#### Work request
Each line of the data below holding the word "Canvas" must be copied.

#### Extracted data
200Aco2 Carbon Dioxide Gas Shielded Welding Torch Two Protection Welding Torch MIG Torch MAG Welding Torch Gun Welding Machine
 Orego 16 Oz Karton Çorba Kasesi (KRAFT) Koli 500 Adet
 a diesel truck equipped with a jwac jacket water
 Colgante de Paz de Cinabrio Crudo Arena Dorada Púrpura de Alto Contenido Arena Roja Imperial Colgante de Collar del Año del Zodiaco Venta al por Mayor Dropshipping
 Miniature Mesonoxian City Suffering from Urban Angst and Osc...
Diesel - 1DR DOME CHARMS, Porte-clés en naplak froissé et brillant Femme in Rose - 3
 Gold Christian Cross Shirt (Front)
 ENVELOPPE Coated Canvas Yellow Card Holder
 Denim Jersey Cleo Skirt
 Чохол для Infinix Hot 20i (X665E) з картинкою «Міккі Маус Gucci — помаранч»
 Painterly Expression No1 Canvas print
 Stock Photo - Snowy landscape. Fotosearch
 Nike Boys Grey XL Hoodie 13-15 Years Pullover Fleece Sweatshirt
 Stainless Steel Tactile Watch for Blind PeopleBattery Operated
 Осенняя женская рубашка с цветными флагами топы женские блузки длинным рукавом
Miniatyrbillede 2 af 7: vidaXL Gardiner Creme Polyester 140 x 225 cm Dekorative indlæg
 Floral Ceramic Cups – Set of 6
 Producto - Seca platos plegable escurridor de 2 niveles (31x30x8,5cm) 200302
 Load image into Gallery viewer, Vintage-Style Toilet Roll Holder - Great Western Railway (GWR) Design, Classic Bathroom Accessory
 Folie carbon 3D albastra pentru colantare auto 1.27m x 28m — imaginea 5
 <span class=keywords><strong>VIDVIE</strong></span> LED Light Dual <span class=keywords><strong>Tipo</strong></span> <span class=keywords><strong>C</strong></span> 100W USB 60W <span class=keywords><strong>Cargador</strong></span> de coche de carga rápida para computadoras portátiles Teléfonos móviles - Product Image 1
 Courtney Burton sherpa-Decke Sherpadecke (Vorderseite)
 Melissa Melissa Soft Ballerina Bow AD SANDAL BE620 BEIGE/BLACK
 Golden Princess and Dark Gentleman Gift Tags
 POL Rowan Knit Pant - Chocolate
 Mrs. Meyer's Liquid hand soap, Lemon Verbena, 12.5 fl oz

#### Solution for this task
 ENVELOPPE Coated Canvas Yellow Card Holder
 Painterly Expression No1 Canvas print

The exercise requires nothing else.